§ **Try it**
Shown below is a listing with pictures; reproduce exactly, and only, the lines between the ones containing "Moyra Körömépítő Zselé" and "Used 2022 Toyota RAV4 SE AWD/4WD image 7", inclusive, leaving the pictures out.

§ **Information shown**
========================

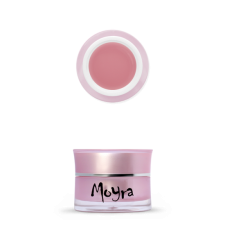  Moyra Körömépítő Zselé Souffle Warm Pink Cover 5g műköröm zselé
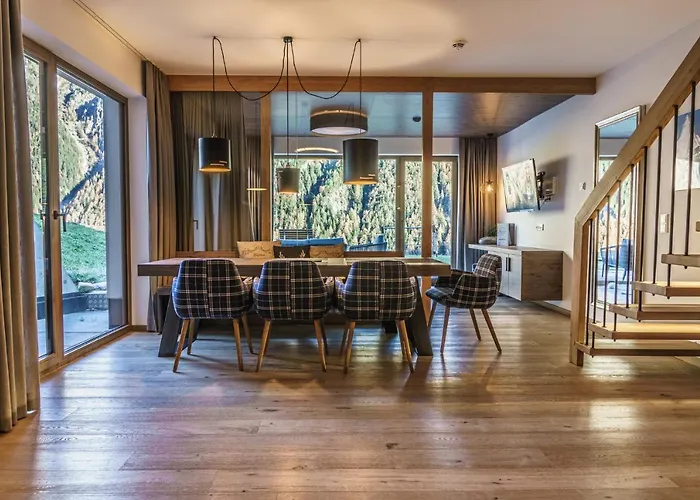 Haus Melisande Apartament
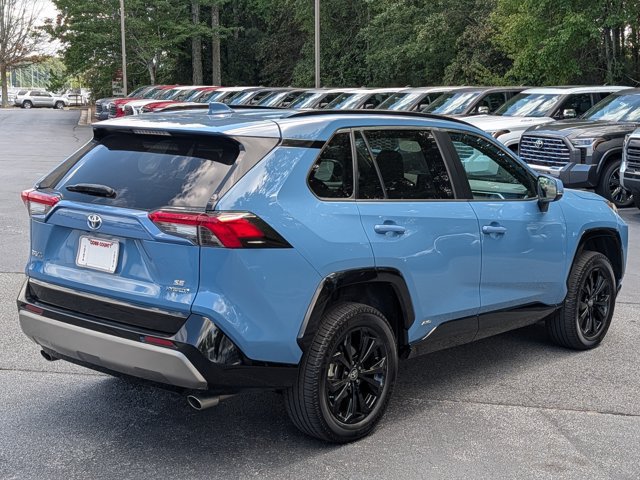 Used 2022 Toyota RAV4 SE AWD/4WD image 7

========================

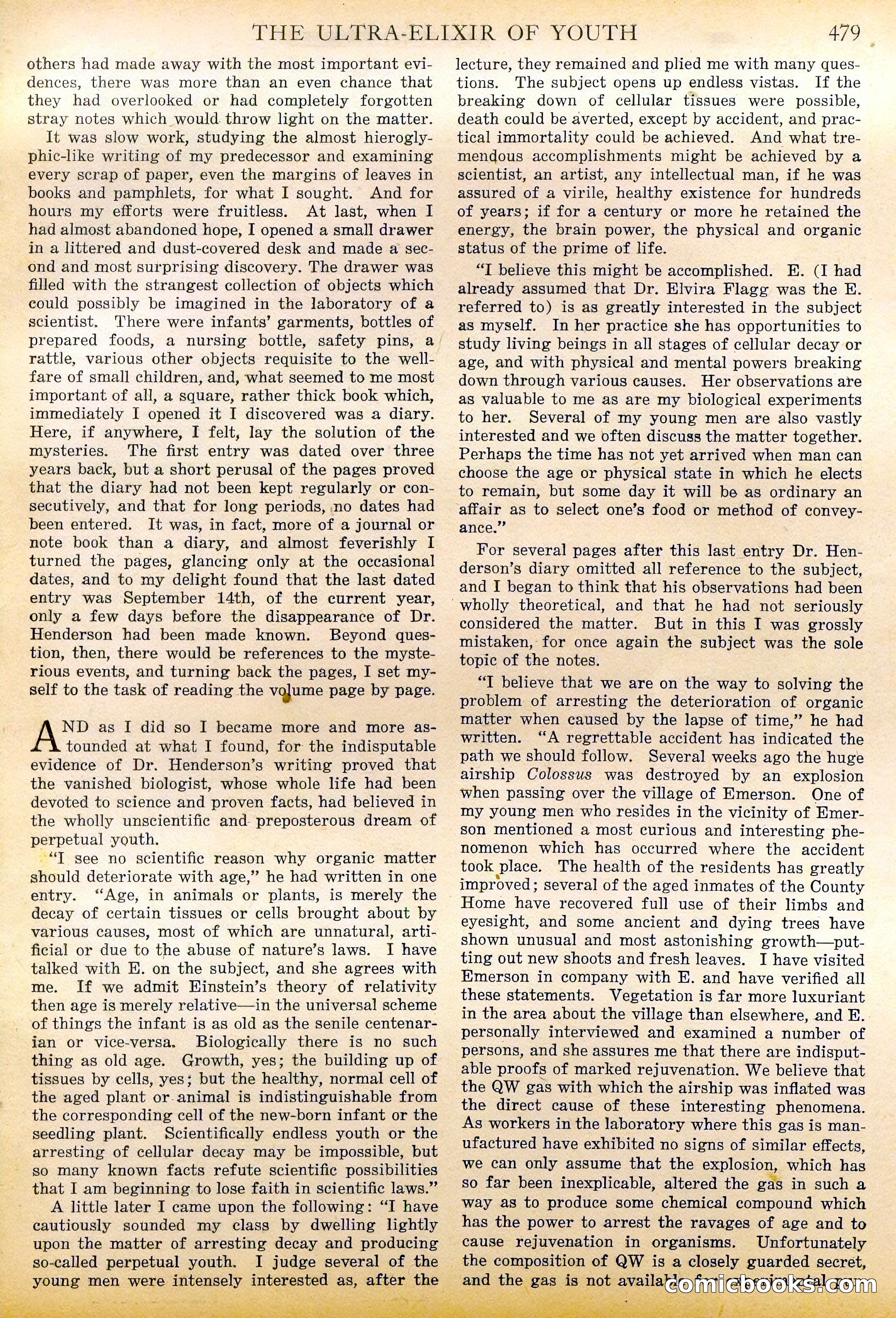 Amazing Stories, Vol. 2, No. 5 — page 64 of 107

========================

§ **Reply to the task**
  Moyra Körömépítő Zselé Souffle Warm Pink Cover 5g műköröm zselé
 Haus Melisande Apartament
 Used 2022 Toyota RAV4 SE AWD/4WD image 7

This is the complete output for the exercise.